ScaDaMaLe Course site and book

The following is from databricks blog with minor adaptations with help from Tilo Wiklund.

Distributed deep learning training using PyTorch with HorovodRunner for MNIST

This notebook demonstrates how to train a model for the MNIST dataset using PyTorch. It first shows how to train the model on a single node, and then shows how to adapt the code using HorovodRunner for distributed training.

Requirements

  • This notebook runs on CPU or GPU clusters.
  • To run the notebook, create a cluster with
  • Two workers

Cluster Specs on databricks

Run on tiny-debug-cluster-(no)gpu or another cluster with the following runtime specifications with CPU/non-GPU and GPU clusters, respectively:

  • Runs on non-GPU cluster with 3 (or more) nodes on 7.4 ML runtime (nodes are 1+2 x m4.xlarge)
  • Runs on GPU cluster with 3 (or more) nodes on 7.4 ML GPU runtime (nodes are 1+2 x g4dn.xlarge)

You do not need to "install" anything else in databricks as everything needed is pre-installed in the runtime environment on the right nodes.

Set up checkpoint location

The next cell creates a directory for saved checkpoint models.
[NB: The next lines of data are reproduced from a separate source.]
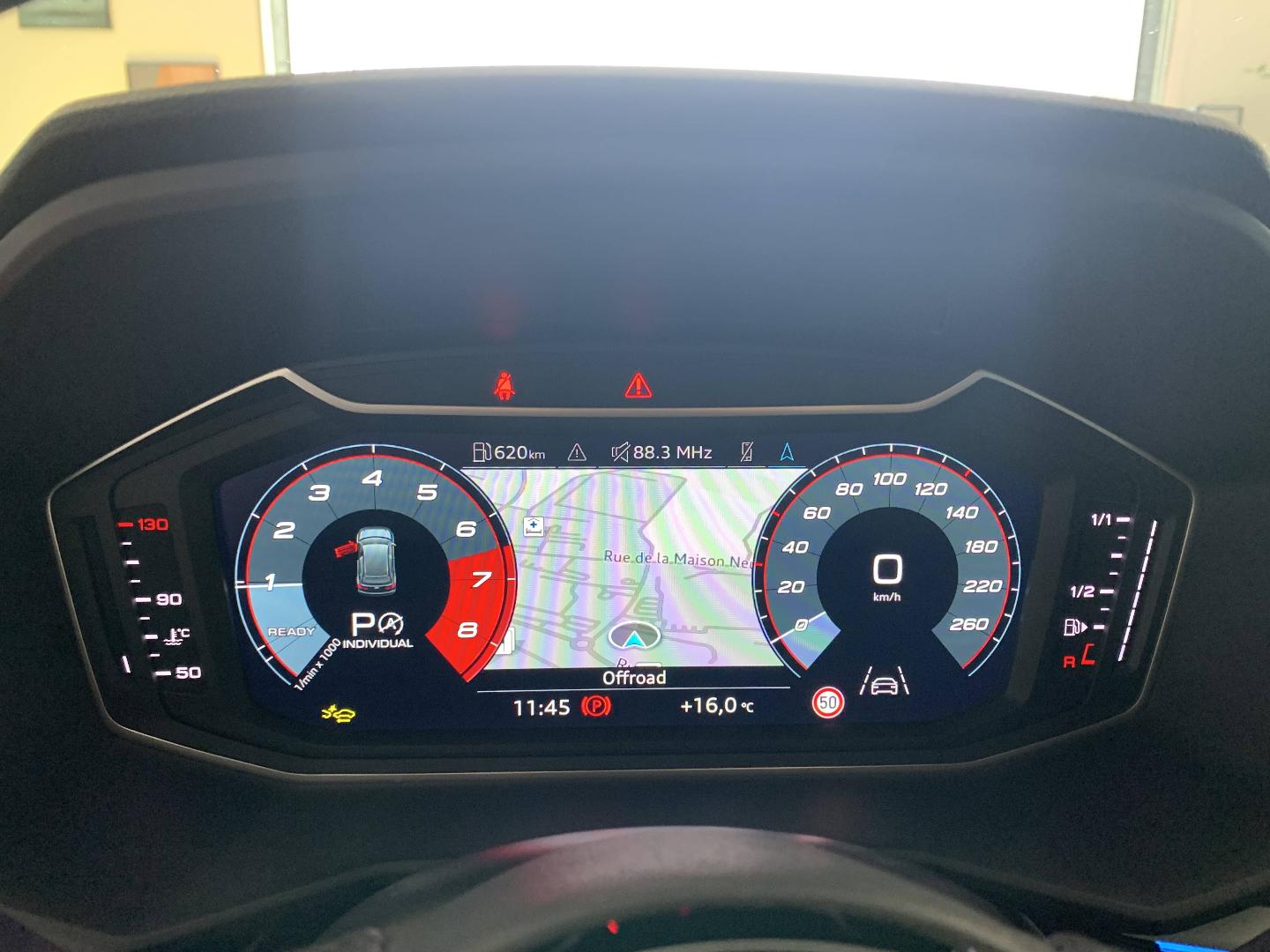 Image about Audi A1 allstreet Avus 35 TFSI 110 kW (150 ch) S tronic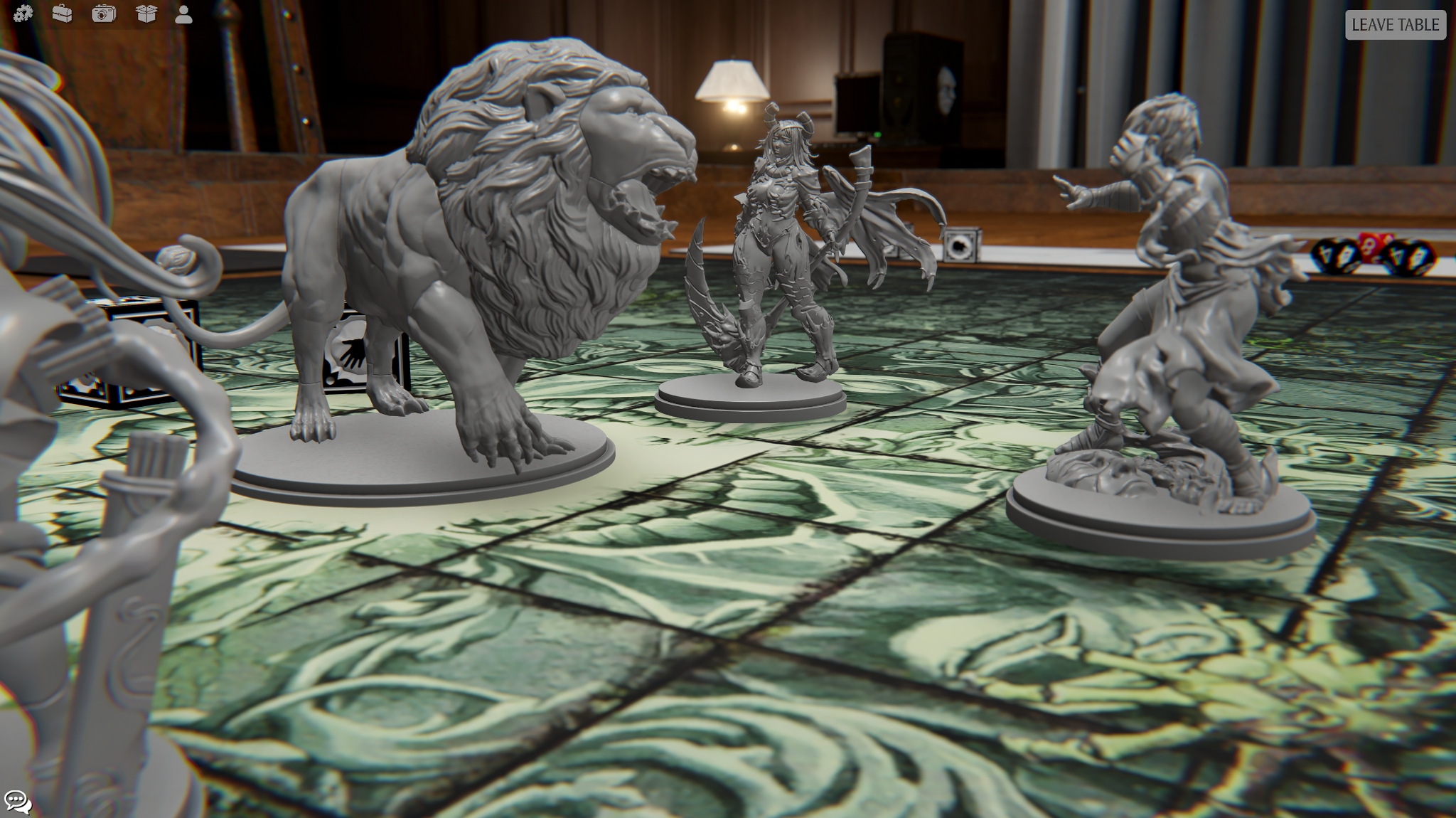 Echoes of Death Season 3 ミニチュアセット Kingdom Death- A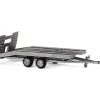 Busch 44903 1:87 HO Trailer Single Car Anhanger - Your Source for Gaming Essentials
Databricks recommends saving training data under dbfs:/ml, which maps to file:/dbfs/ml on driver and worker nodes.

PYTORCH_DIR = '/dbfs/ml/horovod_pytorch'

Prepare single-node code

First you need to have working single-node PyTorch code. This is modified from Horovod's PyTorch MNIST Example.

import torch
import torch.nn as nn
import torch.nn.functional as F

class Net(nn.Module):
    def __init__(self):
        super(Net, self).__init__()
        self.conv1 = nn.Conv2d(1, 10, kernel_size=5)
        self.conv2 = nn.Conv2d(10, 20, kernel_size=5)
        self.conv2_drop = nn.Dropout2d()
        self.fc1 = nn.Linear(320, 50)
        self.fc2 = nn.Linear(50, 10)

    def forward(self, x):
        x = F.relu(F.max_pool2d(self.conv1(x), 2))
        x = F.relu(F.max_pool2d(self.conv2_drop(self.conv2(x)), 2))
        x = x.view(-1, 320)
        x = F.relu(self.fc1(x))
        x = F.dropout(x, training=self.training)
        x = self.fc2(x)
        return F.log_softmax(x)
# Specify training parameters
batch_size = 100
num_epochs = 5
momentum = 0.5
log_interval = 100
def train_one_epoch(model, device, data_loader, optimizer, epoch):
    model.train()
    for batch_idx, (data, target) in enumerate(data_loader):
        data, target = data.to(device), target.to(device)
        optimizer.zero_grad()
        output = model(data)
        loss = F.nll_loss(output, target)
        loss.backward()
        optimizer.step()
        if batch_idx % log_interval == 0:
            print('Train Epoch: {} [{}/{} ({:.0f}%)]\tLoss: {:.6f}'.format(
                epoch, batch_idx * len(data), len(data_loader) * len(data),
                100. * batch_idx / len(data_loader), loss.item()))
from time import time
import os

LOG_DIR = os.path.join(PYTORCH_DIR, str(time()), 'MNISTDemo')
os.makedirs(LOG_DIR)
def save_checkpoint(model, optimizer, epoch):
  filepath = LOG_DIR + '/checkpoint-{epoch}.pth.tar'.format(epoch=epoch)
  state = {
    'model': model.state_dict(),
    'optimizer': optimizer.state_dict(),
  }
  torch.save(state, filepath)
import torch.optim as optim
from torchvision import datasets, transforms

def train(learning_rate):
  device = torch.device('cuda' if torch.cuda.is_available() else 'cpu')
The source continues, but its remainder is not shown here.